More parallel string-match algorithm hacking: re2xs

Last week, Matt Sergeant released a great little perl script, re2xs, which takes a set of simplified regexps, converts them to the subset of regular expression language supported by re2c, then uses that to build an XS module.

In other words, it offers the chance for SpamAssassin rules to be compiled into a trie structure in C code to match multiple patterns in parallel. Given that this is then compiled down to native machine code, it has the potential to be the fastest method possible, apart from using dedicated hardware co-processors.

Sure enough, Matt’s results were pretty good — he says, ‘I managed to match 10k regexps against 10k strings in 0.3s with it, which I think is fairly good.’ ;)

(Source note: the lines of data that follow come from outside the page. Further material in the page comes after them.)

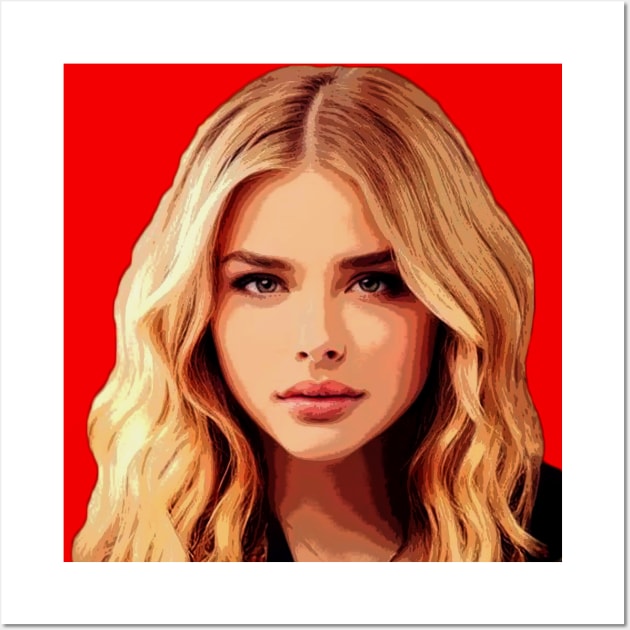 chloe grace moretz Wall Art by oryan80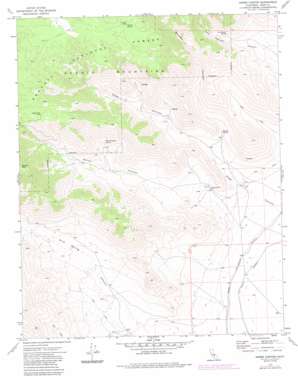Horse Canyon USGS topographic map 35118e1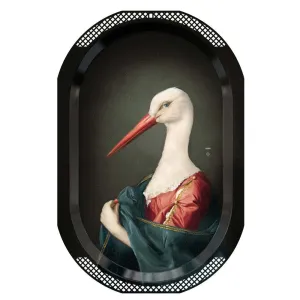iBride Surreal Art Mural Tray Madame La Cigogne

Unfortunately, turning this into something that works with SpamAssassin hasn’t been quite so easy. SpamAssassin rules are free to use the full perl regular expression language — and this language supports many features that re2c’s subset does not. So we need to extract/translate the rule regexps to simplified subsets. This has generally been the case with all parallel matching systems, anyway, so that’s not a massive problem.

More problematically, re2c itself does not support nested patterns — if one token is contained within another, e.g. “FOO” within “FOOD”, then the subsumed token will not be listed as a match. SpamAssassin rules, of course, are free to overlap or subsume each other, so an automated way to detect this is required.

For simple text patterns, this is easy enough to do using substring matching – e.g. “FOOD” =~ /\QFOO\E/ . Unfortunately, once any kind of sophisticated regexp functionality is available, this is no longer the case: consider /FOO*OD/ vs /FOO/ , /F[A-Z]OD/ vs /FO[M-P]/ , /F(?:OO|U)D/ vs /F(?:O|UU)?O/ .

The only way to do this is to either (a) fully parse the regexp, build the trie, and basically reimplement most of re2c to do this in advance; or (b) change the trie-generation code in re2c to support states returning multiple patterns, as Aho-Corasick does.

I requested support for this in re2c, but got a brush-off, unfortunately. So work continues…

In other news, that food poisoning thing I had back at the end of June has lingered on. It’s now pretty clear that it isn’t food poisoning or a stomach bug… but I still have no idea what it actually is. No fun :(

This entry was posted in Uncategorized. Bookmark the permalink. Both comments and trackbacks are currently closed.

5 Comments

  1. Luke
    Posted August 17, 2006 at 14:15 | Permalink

    “Last week, Matt Sergeant released a great little perl script, re2xs, which takes a set of simplified regexps, converts them to the subset of regular expression language supported by re2c, then uses that to build an XS module.”

    This is one of the alltime great opening paragraphs of modern literature.

    L

  2. Posted August 17, 2006 at 14:26 | Permalink

    yes, it’s one of those techie entries. Sorry about that ;) does the discussion of my stomach woes not help?

  3. Matt Sergeant
    Posted August 17, 2006 at 18:45 | Permalink

    Hey! I resemble that remark.

  4. Posted January 24, 2007 at 11:31 | Permalink

    If you need to order regexps so that a simpler one is listed before the regexp which implies it, may I recommend my Regexp::Compare (AFAIK still waiting for its first user :-) )? One problem is that Regexp::Compare doesn’t compare all regexps – ordering i.e. regexps containing Perl code is fundamentally impossible, and even many simpler cases proved too hard for me – but I’d be very interested to know whether it’s good enough…

  5. Posted January 24, 2007 at 12:10 | Permalink

    Vaclav — hmm, that looks interesting! I’ll keep it in mind…